Sementara itu anggota DEN bidang Teknologi Andang Bachtiar menambahkan, pemerintah bisa membangun tangki penyimpanan agar kapasitas cadangan penyangga lebih besar. Dana investasi pembangunan itu bisa berasal dari anggaran penghematan subsidi BBM atas penurunan harga minyak dunia.

Selain disimpan di kilang, Andang bilang minyak yang dibeli itu bisa disimpan di 'perut bumi' Indonesia. Caranya melalui teknologi injeksi yang sudah dilakukan oleh Amerika Serikat. "Injeksi minyak itu belum pernah dilakukan di Indonesia. Kita punya banyak reservoar dari jaman Belanda.
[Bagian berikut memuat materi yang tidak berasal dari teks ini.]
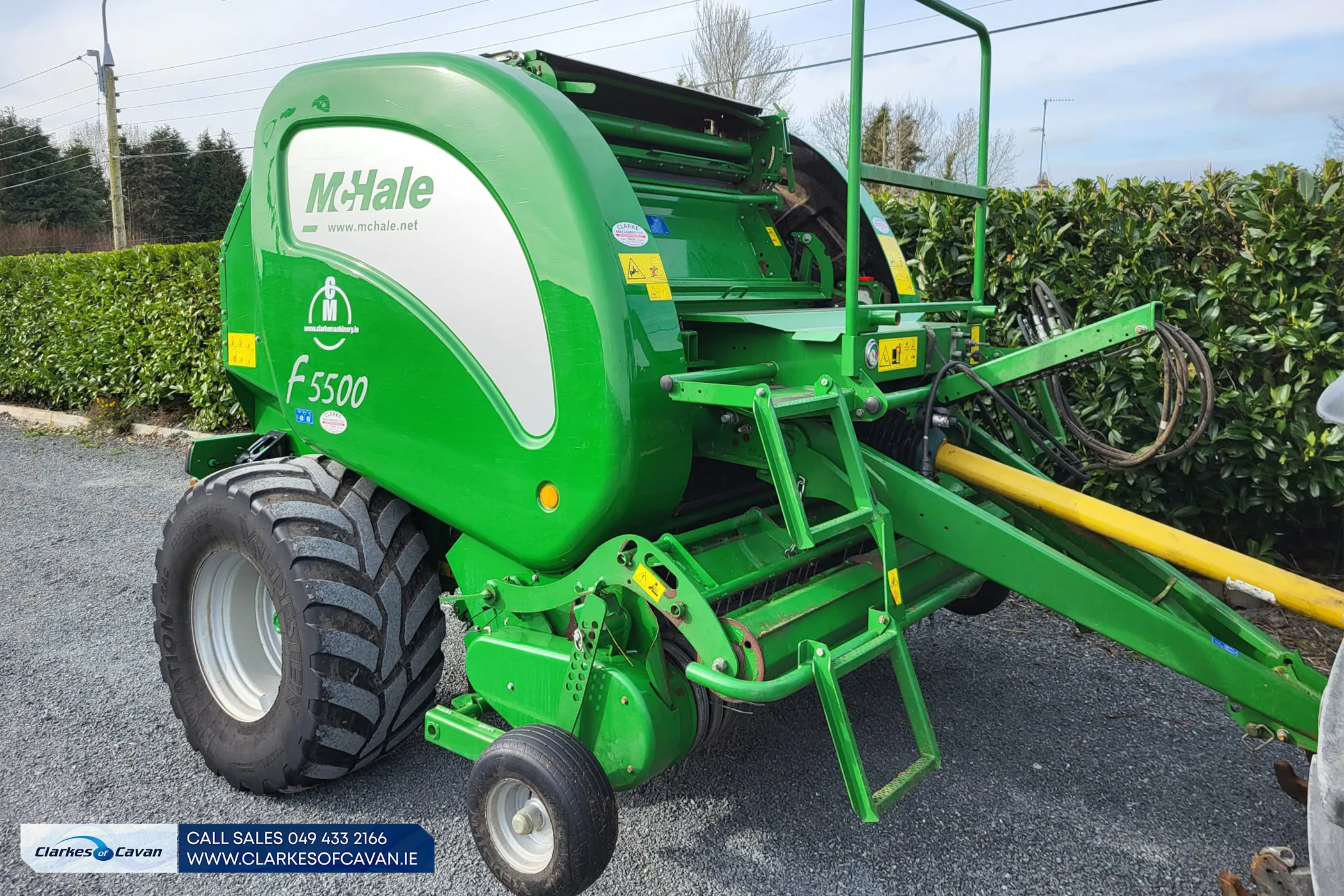 McHale F5500 Baler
Kita impor minyak dan dimasukan ke situ," jelasnya.


Penting juga untuk mengkritisi blok-blok migas strategis di Indonesia. Apabila Indonesia mampu memaksimalkan blok-blok tersebut, tentunya berkat produksi minyak yang tinggi akan bisa menghasilkan surplus yang bisa digunakan sebagai cadangan penyangga. Seperti di Blok Mahakam misalnya, produksinya harus tetap dimaksimalkan. Kalau berganti operator secara keseluruhan tentunya akan mempengaruhi tingkat produksi minyal.

Thursday 15 January 2015

Saran Membangun Untuk Pertamina

Widhyawan Prawiraatmaja
Ada kritik yang sangat membangun yang ditujukan untuk PT Pertamina (Persero). Pemerintah berharap agar Pertamina dapat lebih mandiri untuk menjadi perusahaan energi kelas dunia.

Kepala Pengendali Kinerja Kementerian Energi dan Sumber Daya Mineral (ESDM) Widhyawan Prawiraatmaja berpesan agar Pertamina tidak terus-menerus dimanjakan oleh kebijakan proteksi dari pemerintah bila ingin menjadi perusahaan kelas dunia pada 2025.

“Sektor hilir rugi, sehingga dibuat bagaimana supaya ada untung di hilir. Akhirnya, Pertamina diberi ruang fiskal yang cukup agar bisa membuat kilang dan infrastruktur lain di sektor hilir. Namun, kalau BBM-nya impor, biayanya bisa 104% dari MOPS,” katanya.

 Jika BBM diproduksi di dalam negeri dari kilang-kilang milik Pertamina,  menurutnya, dapat dihasilakan bahan bakar rata-rata 109% atau lebih tinggi dari Mean of Platts Singapore (MOPS).

“Pemerintah berkomitmen ini tidak boleh rugi, jadi dirata-rata 109%. Namun, kalau ini kelamaan, ini justru akan membawa masuknya pesaing bagi Pertamina. Jadi, memang harus diproteksi, tapi jangan terlalu lama. Pertamina seharusnya sudah cukup dewasa,” tandasnya.

Widhyawan menyatakan juga agar Pertamina menjadi perusahaan kelas dunia, BUMN tersebut juga dilarang anti pati terhadap kerja sama asing. Meskipun demikian, dia meminta Pertamina tetap menjadi pemegang saham mayoritas dengan porsi kepemilikan 51%.

 “Kalau mau menjadi world-class company, harus kerja sama dengan oil majors. Kita ini susah, karena tidak mau bareng-bareng. Misalnya untuk Blok Mahakam, tidak mungkin diambil semua. Supaya tidak ada eksodus, maka harus berkolaborasi, agar produksinya juga tidak anjlok. Pokoknya, pendapatan di sektor hilir, jangan terlalu lama diproteksi,” tegasnya.

Poin yang disampaikan mengenai harus menggandeng perusahaan yang sudah lebih maju harus dipertimbangkan dengan baik. Terutama karena Blok Mahakam selama ini memiliki produktivitas yang tinggi. Apabila tiba-tiba Pertamina mengelola kesemuanya sendiri, tentu produktivitasnya akan menurun.


Untuk itu sebaiknya Pertamina menggandeng Total E&P Indonesie dalam mengelola Blok Mahakam. Pertamina akan mendapat ilmu dan teknologi dari perusahaan sekaliber Total.